→ **AIM OF THE TASK**: Your response should consist of the records, reproduced exactly.
= = =
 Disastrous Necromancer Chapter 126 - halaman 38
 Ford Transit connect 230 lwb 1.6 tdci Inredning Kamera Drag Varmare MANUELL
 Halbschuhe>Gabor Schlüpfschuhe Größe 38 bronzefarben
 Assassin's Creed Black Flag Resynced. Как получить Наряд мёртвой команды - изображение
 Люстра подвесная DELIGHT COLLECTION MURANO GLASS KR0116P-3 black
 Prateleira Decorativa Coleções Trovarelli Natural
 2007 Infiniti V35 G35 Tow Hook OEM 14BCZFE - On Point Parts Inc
= = =
→ **ANSWER BOX**:
 Disastrous Necromancer Chapter 126 - halaman 38
 Ford Transit connect 230 lwb 1.6 tdci Inredning Kamera Drag Varmare MANUELL
 Halbschuhe>Gabor Schlüpfschuhe Größe 38 bronzefarben
 Assassin's Creed Black Flag Resynced. Как получить Наряд мёртвой команды - изображение
 Люстра подвесная DELIGHT COLLECTION MURANO GLASS KR0116P-3 black
 Prateleira Decorativa Coleções Trovarelli Natural
 2007 Infiniti V35 G35 Tow Hook OEM 14BCZFE - On Point Parts Inc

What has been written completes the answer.